On Tuesday, the Elizabethton City Schools KIDS Challenge Summer Program for grades K-5 will hold an open registration from 4:30 p.m. to 6:30 p.m. at the entrance of Harold McCormick School, where the program will be held this year. Parents who want to register their child must be present during the specified time, due to a limited number of spaces.
   "Parents cannot call and have a spot reserved for their child. They must be present to register," said Angie Odom, Director of the Elizabethton City Schools Extended School Program. The summer program exists as a special service to families, and students from all city elementary schools are eligible to register.
   The cost of registration is $30, which includes all fees for field trips. After that, parents pay $11 per day for the program, which starts June 3 and ends Aug. 9. The daily fee includes breakfast, lunch, and a snack. Parents can drop off their children by 7:30 a.m. on Monday, Wednesday and Friday, and by 8 a.m. on Tuesdays and Thursdays. The program ends at 6 p.m. every day of the week.
   Mondays will be designated as Health Day, and, each week, an employee of the University of Tennessee's Health Department will hold exercise and nutrition classes for the children. On Wednesdays, Character Day, kids will learn the importance of values such as respect and honesty. On Fridays, instructors will focus on creativity and various art projects.
   The program also has several field trips planned for Tuesdays and Thursdays. Instructors and students will journey to places such as Steele Creek Park, Bays Mountain, and Roan Mountain. Program participants will also attend an Elizabethton Twins game, and, afterward, players will spend time with the kids. Other scheduled field trips include a tour of Bristol Raceway, swimming at Franklin Pool, and Cosmic Bowling.

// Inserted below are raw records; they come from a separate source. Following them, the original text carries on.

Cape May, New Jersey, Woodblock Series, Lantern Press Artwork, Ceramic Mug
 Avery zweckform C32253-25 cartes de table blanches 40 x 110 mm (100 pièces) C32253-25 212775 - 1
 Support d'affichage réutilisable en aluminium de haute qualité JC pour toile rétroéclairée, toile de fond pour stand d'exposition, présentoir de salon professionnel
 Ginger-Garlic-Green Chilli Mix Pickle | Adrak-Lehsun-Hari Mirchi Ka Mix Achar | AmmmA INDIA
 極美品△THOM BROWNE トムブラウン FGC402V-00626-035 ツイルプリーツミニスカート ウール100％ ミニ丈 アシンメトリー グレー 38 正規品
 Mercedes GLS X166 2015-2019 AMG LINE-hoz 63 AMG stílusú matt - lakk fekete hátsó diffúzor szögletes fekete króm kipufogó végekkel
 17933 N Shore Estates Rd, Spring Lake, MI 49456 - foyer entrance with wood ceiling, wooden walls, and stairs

   To mark the end of the KIDS Challenge, instructors will hold a "Summer Olympics," an event which students will prepare for during each week's health and fitness classes. Judy Blevins, Superintendent of City Schools, said that she hopes the city school system will always be able to provide such a special program for children.
   "It's a planned program. Most of our workers are college students or college graduates," she said.